Burger King is now set towards a revolutionary repositioning – revamps in marketing approaches, overhauls of its menus, tweaks on its operations and interior updates of its 7,204 locations across the U.S., this time less centered on young, fast-food eating guys but more focused on families, moms and the baby boomer age.
The move is said to be the biggest change that happened in the brand’s history, the restaurant chain’s biggest investment to increase restaurant sales in a one-year time frame. The changes, the investments and the effort exerted could actually make-or-break Burger King.
It has not been a secret how the chain has been in rough times lately – Wendy’s replaced them in 2011 as the number 2 burger chain in terms of domestic sales; its leadership and ownership has been deemed unstable for decades now, having had 14 executives running the show in a span of 25 years; same-store sales growth had been seen as negative for 11 successive quarters; and in a country that has been overly-conscious of wellness and health, Burger King’s image has always been far from being “better-for-you.”

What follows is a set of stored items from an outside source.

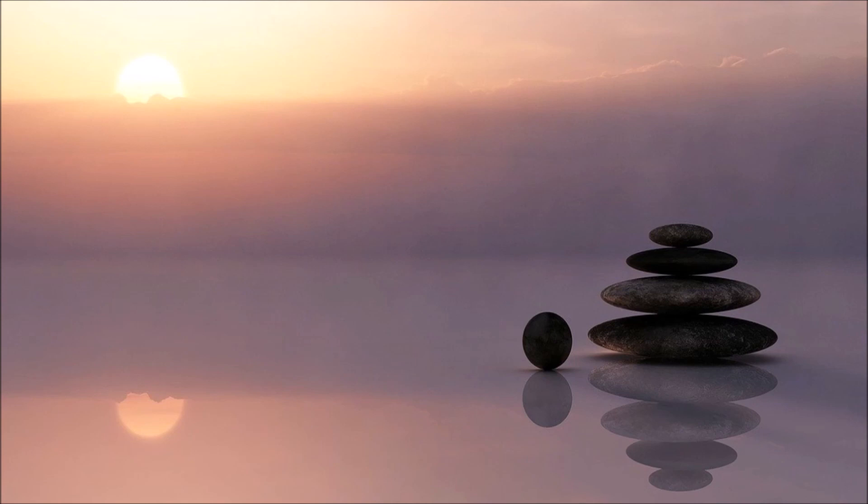Exhale in three, two, one. Allow your breath to return to normal.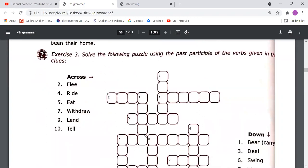Exercise Three is a crossword puzzle using the past participle of the verb given in the clues, so you need to write the third form. For example, 'flee' — third form is F-L-E-D. For 'bear' meaning to carry, the third form is B-O-R-N-E — five letters. Complete the puzzle in the same way.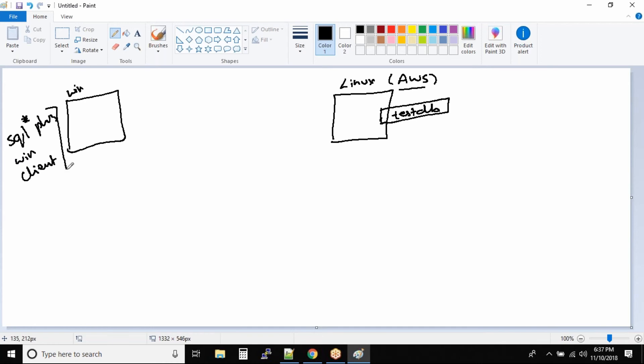And you can install it on Windows, and from Windows you can connect to this remote database.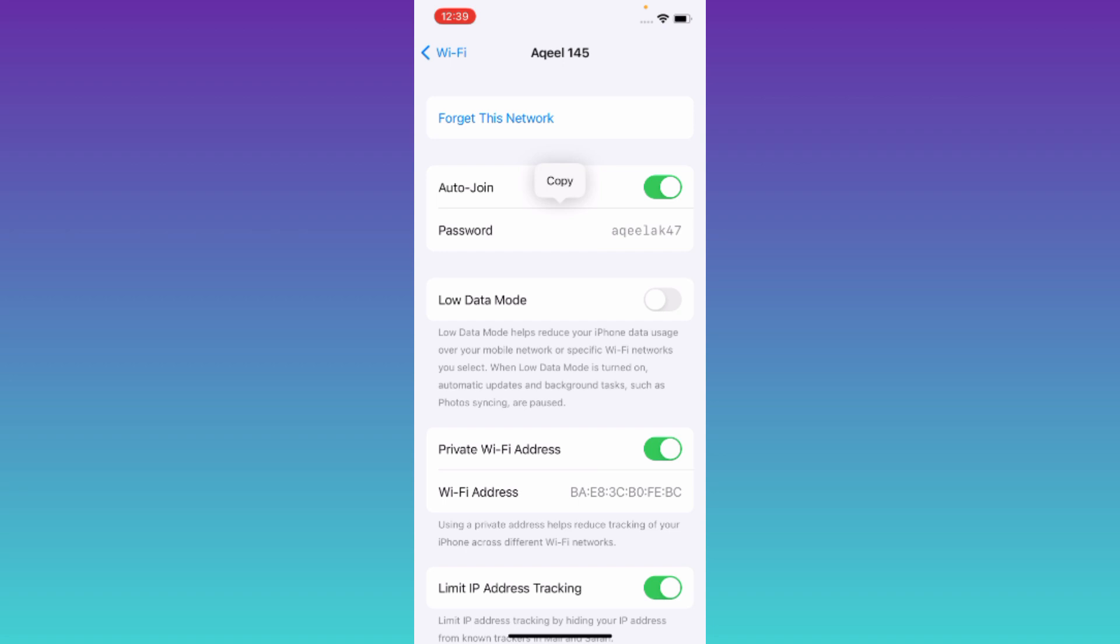That's how you can see WiFi passwords on iOS 17. So that was it for this video, and I'll see you guys in the next one. Peace out!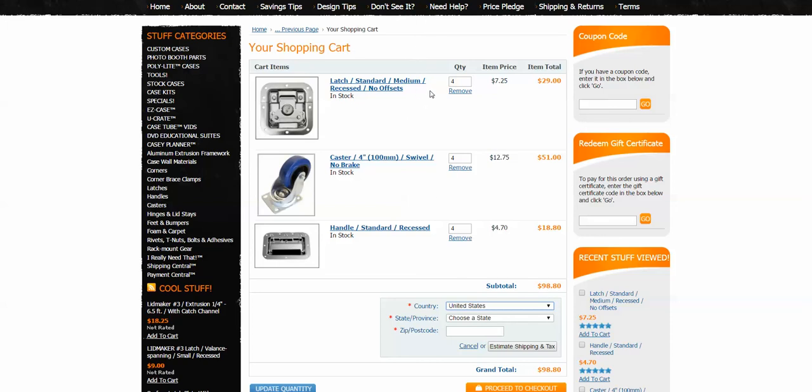I hope this helps you guys out. It should make things a lot easier and quicker as far as selecting your parts. I'm Larry Cox for DIY Road Cases — we'll see you out on the road.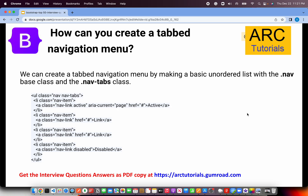How can you create a tabbed navigation menu? It is similar to the navbar, using a ul-li structure with the nav class. The key difference is adding nav-tabs, which is the built-in class that creates tabbed navigation. Each tab uses nav-item and nav-link classes, just like a standard navbar.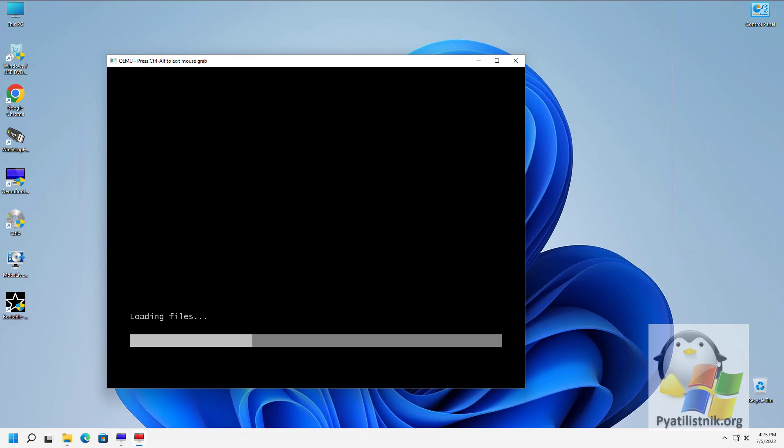Thank you for watching, I hope it was helpful. In the fifth video, I will show another utility.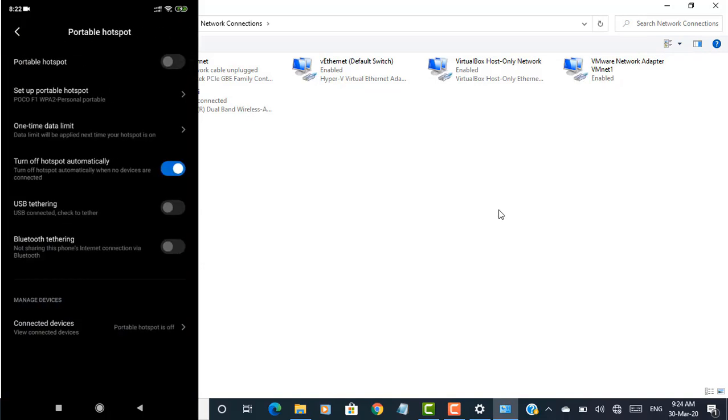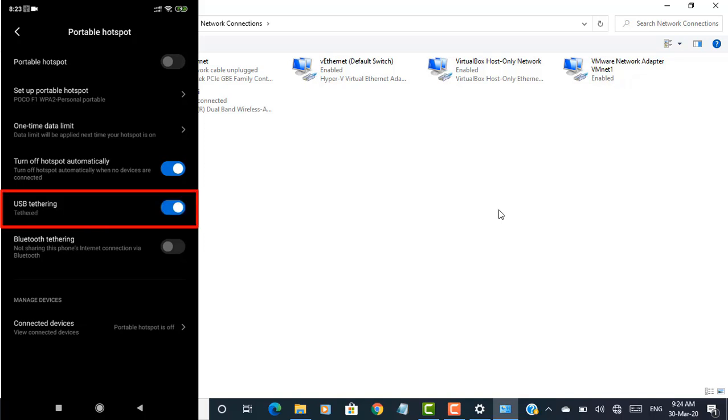Now tap the toggle switch beside USB tethering to enable it. Your laptop should now be able to access the internet through your phone's mobile data plan.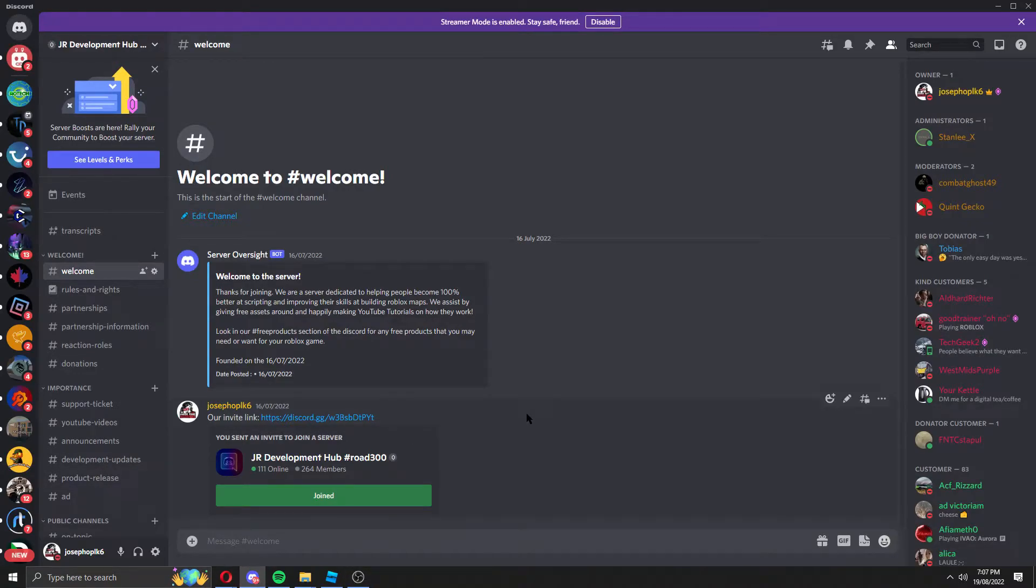Hello everyone, my name is Joseph of Offbook 6 and today I'm going to show you how to download all the free models that I've ever released on the YouTube channel.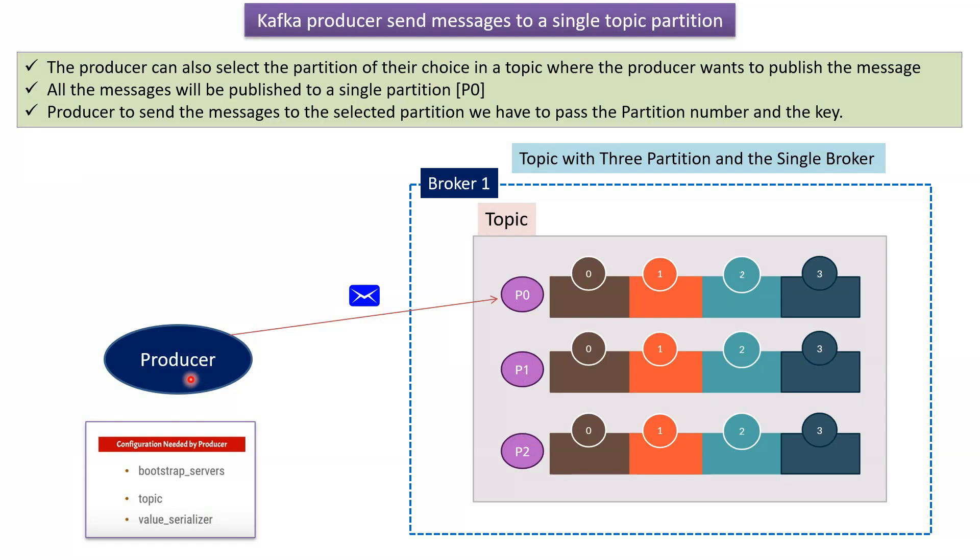To write a producer code, it needs some configuration. The first one is bootstrap servers, which is nothing but Kafka server IP address and port number. The second one is topic details, which is nothing but the topic name. And third one is value serializer, which is used to serialize the object before sending it over the network.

But hope can be seen, something which a lot of other restaurants in the country today can very well relate to and learn from. Burger King is now in the process of fixing three things: their menu, marketing and look.
The chain, of course, realized its mistake of not keeping up with the rest of the fast-food chains in terms of menu choices and healthier options for their diners. So now they had their chefs create and test over two dozen new menu products, which were eventually narrowed down to ten. These ten were rolled out last month, given extra-attention in the menus and table tents in all their locations across the country.
“The process was truly painstaking,” said Steve Wiborg, the chain’s executive vice president. “We had to drop a lot of other options after several testing despite the expenses we incurred in developing the product. We wanted to make sure that what we have are visually appealing, delicious and those items that our customers actually want.”
They now have new salads, new snack wraps, and new drinks that are all presented in their menus and elegantly-designed table tents.
In terms of marketing, BK is now once again embracing celebrities in their ads, launching food-centered TV commercials which show off David Beckham and TV host Jay Leno, among a lot of other culturally diverse personalities that can easily reach the chains’ target markets. Needless to say, BK is spending its biggest communications push in all of its 58 year history. They also plan to send 40 food trucks across the country to give out and promote BK food at local events. Home deliveries are currently being refined, as well as in-store sampling.
Updating their “look”
And lastly, the “look.” Go inside one of BK’s newly remodeled locations and you’ll feel like more in a casual restaurant than being in fast-food. Digital menu boards; soft, couch-like chairs; avant-garde tables and more red and yellow touches that gives diners the impression of specially-made, quality menu items at (still) very affordable prices.